Je passe beaucoup de temps à rappeler à mes enfants la présence dans l'univers d'autres êtres humains. Qu'ils doivent parler moins fort, qu'ils doivent laisser des zones physiques de vide entre leur corps et celui des autres. Alors oui, je pratique une éducation genrée. Mais je le fais parce que nous ne vivons pas dans un monde abstrait. Mes enfants évoluent dans une société qui encourage les garçons à prendre toute la place. Alors je contrebalance.

Il faut également apprendre aux garçons le contrôle de soi. C'est un exercice d'équilibriste délicat: il s'agit à la fois d'insister sur le fait que les garçons ont évidemment le droit de pleurer et d'exprimer leurs émotions, et dans le même temps, de leur dire qu'ils doivent apprendre à se contrôler pour respecter les gens qui les entourent. Salut les injonctions contradictoires.

Mais là encore, il faut s'adapter à l'âge de l'enfant et tenir compte des différences entre les émotions. Un accès de tristesse, une peur, une jalousie ne se gère pas de la même façon que la bonne grosse colère liée à la frustration.

Mon propos n'est pas d'attaquer l'éducation positive. En vrai, ses principes ne sont pas du tout en contradiction avec une éducation à l'égalité et au respect. Mais je m'inquiète de voir des garçons «s'épanouir» en balançant leurs affaires n'importe où, en hurlant des «vroum tacatacatac clac» sans qu'ils aient conscience que leur liberté (le fameux «j'ai le droit») connaît une restriction: la liberté des autres.

Gérer sa charge émotionnelle

Il est important de mener avec les petits garçons un travail sur leurs émotions, mais il faut se méfier d'un danger: «Mes émotions sont plus importantes que celles des autres, je suis le centre de l'univers.» Les laisser exprimer leur colère, leur rage, leur frustration, ok, mais à partir d'un certain âge, on peut aussi les interroger sur les émotions des autres et l'impact qu'ils peuvent avoir sur leur entourage.

L'une des solutions concrètes que j'ai trouvée, c'est de leur parler des émotions que leur comportement provoque chez moi. «J'ai moi aussi des émotions, et t'entendre me hurler dans les oreilles alors que je suis fatiguée, ça me met très en colère.» (Parents de jeunes enfants: oui, il y a un âge où ils deviennent capables de comprendre ça, ne perdez pas espoir.) Ce qu'ils font a des conséquences sur les autres dont ils doivent avoir conscience.

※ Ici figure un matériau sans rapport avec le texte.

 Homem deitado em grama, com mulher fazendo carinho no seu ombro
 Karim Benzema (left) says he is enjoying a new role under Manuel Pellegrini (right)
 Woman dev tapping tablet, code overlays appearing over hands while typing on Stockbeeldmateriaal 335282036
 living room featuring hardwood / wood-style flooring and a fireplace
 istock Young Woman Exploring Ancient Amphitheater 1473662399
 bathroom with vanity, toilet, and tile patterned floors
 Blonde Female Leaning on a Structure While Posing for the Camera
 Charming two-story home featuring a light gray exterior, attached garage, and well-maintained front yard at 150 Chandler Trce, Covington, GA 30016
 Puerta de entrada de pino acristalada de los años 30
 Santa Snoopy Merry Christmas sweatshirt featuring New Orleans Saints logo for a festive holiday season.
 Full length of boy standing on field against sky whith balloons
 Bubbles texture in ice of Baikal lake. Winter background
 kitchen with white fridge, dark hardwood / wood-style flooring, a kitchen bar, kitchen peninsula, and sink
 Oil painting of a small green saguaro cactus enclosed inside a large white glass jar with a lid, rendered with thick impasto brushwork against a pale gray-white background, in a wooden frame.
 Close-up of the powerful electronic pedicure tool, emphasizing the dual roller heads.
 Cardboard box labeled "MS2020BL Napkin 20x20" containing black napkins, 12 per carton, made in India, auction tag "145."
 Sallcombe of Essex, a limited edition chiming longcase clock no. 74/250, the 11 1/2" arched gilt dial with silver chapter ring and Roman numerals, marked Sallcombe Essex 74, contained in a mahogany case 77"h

(Puisque nous en sommes à la catégorie trucs et astuces, chez moi, l'aîné est un grand bavard qui coupe sans cesse la parole. On a mis en place le «truc du poignet», et ça fonctionne parfaitement. Si je suis en train de parler avec quelqu'un d'autre, y compris son petit frère, il pose sa main autour de mon poignet. Ça signifie qu'il a quelque chose à dire. Je mets ma main sur la sienne, signe que j'ai compris. Et il attend que je me tourne vers lui pour parler.)

Sur cette question de la colère, j'étais partagée entre le fait qu'on ne peut pas leur interdire d'être en colère et en même temps que les laisser hurler, c'était ne pas leur apprendre à faire attention aux autres –autres que leur crise est précisément en train de déranger.

Et puis j'ai vu une solution simplissime chez une copine. Sa fille devait avoir 4 ans et piquait une crise de colère. Et là, mon amie est restée hyper calme et lui a dit: «Tu es en colère, je le comprends, c'est ton droit, mais dans ta chambre.» Et la fillette était partie crier dans sa chambre. (Elles avaient évidemment déjà eu cette discussion au calme avant, sinon ça n'aurait jamais fonctionné.)

Je fais la même chose. J'ai expliqué à mes enfants qu'en cas de crise, ils avaient le droit de crier mais sans déranger tout le monde, et donc ailleurs. Qu'ils devaient aller s'isoler. Que l'ensemble des personnes présentes n'avait pas à supporter l'expression de leurs émotions –même si évidemment, je suis là s'ils ont besoin de parler ou de faire un câlin.

Parce que j'aimerais qu'ils apprennent à gérer eux-mêmes la charge émotionnelle. La leur d'abord. Sans que ce soit à quelqu'un d'autre (et soyons honnête quelqu'une) de prendre en charge leurs émotions.

Quand j'ai lu cette phrase, elle a résonné en moi:

 

Le podcast en question est là.

Et une fois qu'on a appris à maîtriser sa propre charge émotionnelle, qu'on sait identifier ses émotions et se calmer, on peut communiquer avec les autres, et même les aider.